Published December 1, 2025 | Version 1.0
Dataset Open

Usability Survey Dataset: ChatGPT for Role‑Play Language Practice

  • 1. ROR icon Universidad Complutense de Madrid
  • 2. ROR icon Aligarh Muslim University
  • 3. Universidad Complutense de Madrid Facultad de Informática
  • 4. ROR icon Universidad Francisco de Vitoria

Description

Usability Survey Dataset: Prompted ChatGPT Role-Play for Language Practice

This Zenodo record contains the raw survey responses collected for the study reported in:

Pablo Gervás, Carlos León, Mayuresh Kumar, Gonzalo Méndez, Susana Bautista (2025). Prompting an LLM Chatbot to Role Play Conversational Situations for Language Practice.
In Proceedings of the 17th International Conference on Computer Supported Education (CSEDU 2025), Volume 2, pp. 257–264. SciTePress. DOI: 10.5220/0013235400003932.
Paper PDF (publisher page): https://www.scitepress.org/publishedPapers/2025/132354/pdf/index.html

Authors

The dataset authors are the same as the paper authors:

  • Pablo Gervás
  • Carlos León
  • Mayuresh Kumar
  • Gonzalo Méndez
  • Susana Bautista

Contact author: Carlos León — cleon@ucm.es

ORCID identifiers (from the paper PDF)

  • Pablo Gervás — ORCID: https://orcid.org/0000-0003-4906-9837
  • Carlos León — ORCID: https://orcid.org/0000-0002-6768-1766
  • Mayuresh Kumar — ORCID: https://orcid.org/0000-0002-1728-7349
  • Gonzalo Méndez — ORCID: https://orcid.org/0000-0001-7659-1482
  • Susana Bautista — ORCID: https://orcid.org/0000-0003-1648-0208

Overview

Large Language Model (LLM) chatbots can sustain fluent dialogues and can be configured via prompts to play specific roles in an interaction. The related paper proposes and evaluates a prompting framework to make a chatbot:

  • propose conversational situations of appropriate complexity,
  • play a role in those situations,
  • monitor learner language, and
  • provide feedback proactively and on request.

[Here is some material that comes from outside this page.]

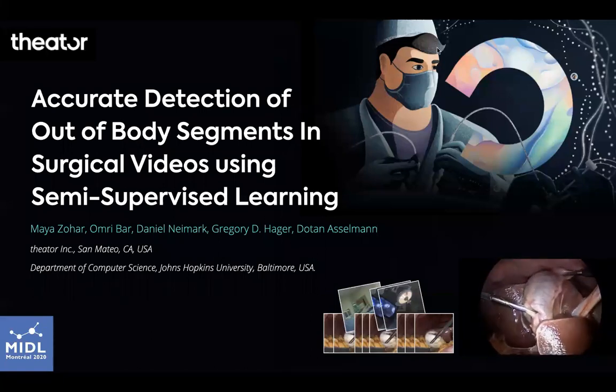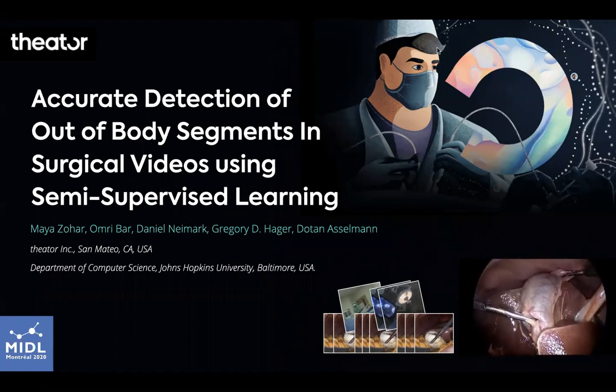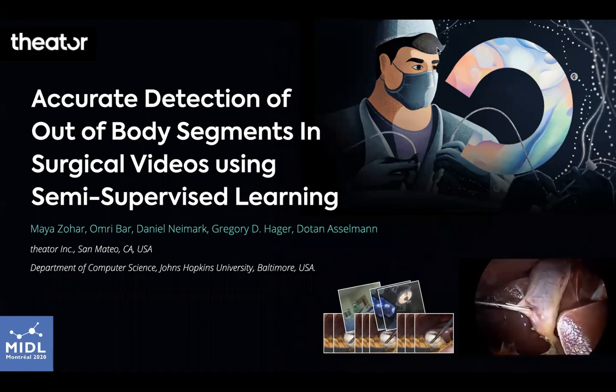Surgical videos can be used to develop data science tools and AI-based medical applications in an emerging field called surgical intelligence.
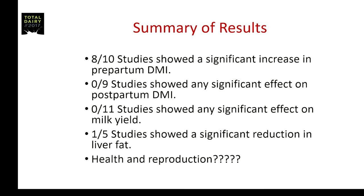Eleven of the studies monitored milk yield after calving, and in zero of those 11 studies was there any significant increase in milk yield. Our laboratory was very interested in liver fat — five of these studies took liver biopsies the week after, and only one of the five studies showed any significant reduction in liver fat.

This dataset provides the participant-level questionnaire data from a usability-focused user study of that approach.

What is in this record?

Files

  • Usability of ChatGPT(1-20).xlsx — raw survey export (one row per participant).

Unit of analysis

  • One row = one participant (N=20)

Variables

The spreadsheet includes:

  1. Administrative timestamps (start/end time),
  2. Participant background (gender; self-rated English skills),
  3. USE Questionnaire (Usefulness, Ease of Use, Ease of Learning, Satisfaction),
  4. System Usability Scale (SUS),
  5. Custom items about role-play language practice (clarifications, switching language, correction behavior, praise, perceived learning, perceived practice of specific skills),
  6. Open-ended comments (optional).

Quick descriptive summary (computed from the XLSX)

  • Participants: 20
  • Columns: 67
  • Collection date: 2024-05-31 (all responses collected on the same day, based on Hora de inicio)
  • Hora de inicio range: 2024-05-31 08:16:512024-05-31 18:56:06
  • Survey completion time (minutes):
    • mean ≈ 6.41
    • median ≈ 6.08
    • min ≈ 1.43, max ≈ 14.72
  • Gender (self-reported): Man=13, Woman=7
  • The Correo electrónico field is "anonymous" for all records in the provided file.

Instruments included

USE Questionnaire (30 items)

The dataset contains the 30-item USE Questionnaire (Likert 1–5). In this file, the items appear in the standard order and can be aggregated into the common subscales:

  • Usefulness (8 items): items 1–8 (from “It helps me be more effective” … “It does everything I would expect it to do”)
  • Ease of Use (11 items): items 9–19
  • Ease of Learning (4 items): items 20–23
  • Satisfaction (7 items): items 24–30

Suggested aggregation: mean (or sum) within each subscale (report which one you use).

System Usability Scale (SUS) (10 items)

The dataset includes the 10 SUS items (Likert 1–5). See Scoring below for the standard 0–100 calculation.

Custom pedagogical/usability items for language practice

The dataset includes additional questions about:

  • whether suggested topics enabled practice of the target feature,
  • clarification behavior (and whether clarifications were helpful),
  • switching to the native language and returning to Spanish afterward,
  • whether the chatbot corrected mistakes (and whether reminders were needed),
  • usefulness of corrections (open-ended),
  • praise, perceived learning, and perceived Spanish practice,
  • perceived practice of: conversation, writing, grammar, vocabulary.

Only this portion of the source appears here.